As part of a deal being worked out to abide by a World Trade Organization decision favoring the tiny Caribbean island nation of Antigua, licensed online gambling operators are anticipating a decision that would allow them to travel to and from the United States without prosecution.  Such operators have long been targets of US authorities since the 2006 apprehension and subsequent imprisonment of BetOnSports former CEO David Carruthers as he changed flights in Fort Worth, Texas. 

“I should be able to come back to the US within the year,” said one operator, speaking on anonymity. 

Antigua was one of the first jurisdictions to begin licensing Internet gambling businesses back in 1995 even before Web gambling came into being.

On 21 March 2003, Antigua and Barbuda requested consultations with the US regarding measures applied by central, regional and local authorities in the US, which affect the cross-border supply of gambling and betting services. Antigua and Barbuda considered that the cumulative impact of the US measures was to prevent the supply of gambling and betting services from another WTO Member to the United States on a cross-border basis.

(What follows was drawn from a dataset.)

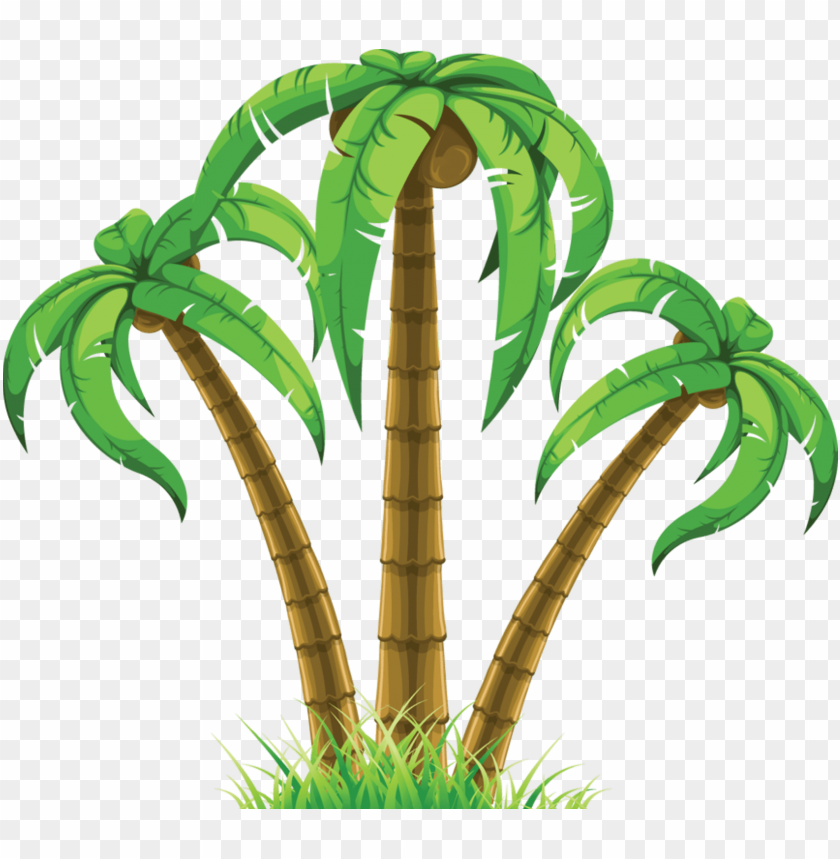 Detail Palm Tree Clipart Transparent Background Nomer 15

According to Antigua and Barbuda, the measures at issue may be inconsistent with the US obligations under the GATS, and in particular Articles II, VI, VIII, XI, XVI and XVII thereof, and the US Schedule of Specific Commitments annexed to the GATS.

The World Trade Organization (WTO) would ultimately find in favor of Antigua.  On 7 January 2005, the United States notified its intention to appeal certain issues of law and legal interpretations developed by the Panel.  The WTO would go on to uphold its decision, however, the US has not effectively complied with the ruling.

Being declared “safe” to travel to and from the United States by the Federal government is easier said than done.  Local law enforcement, often in conjunction with the Department of Justice, has aggressively prosecuted Internet gaming executives over the past few years, mostly on the payment processing front. 

When a Sportingbet Chairperson entered the US soon after the Carruthers arrest, it was the Louisiana State Police who issued an arrest warrant against Peter Dicks.  In that high profile case, Dicks arrived at New York’s JFK Airport, where he was briefly detained.  New York’s then Governor George Pataki refused to have the Sportingbet Chairperson extradited to Louisiana and authorities ultimately released Dicks.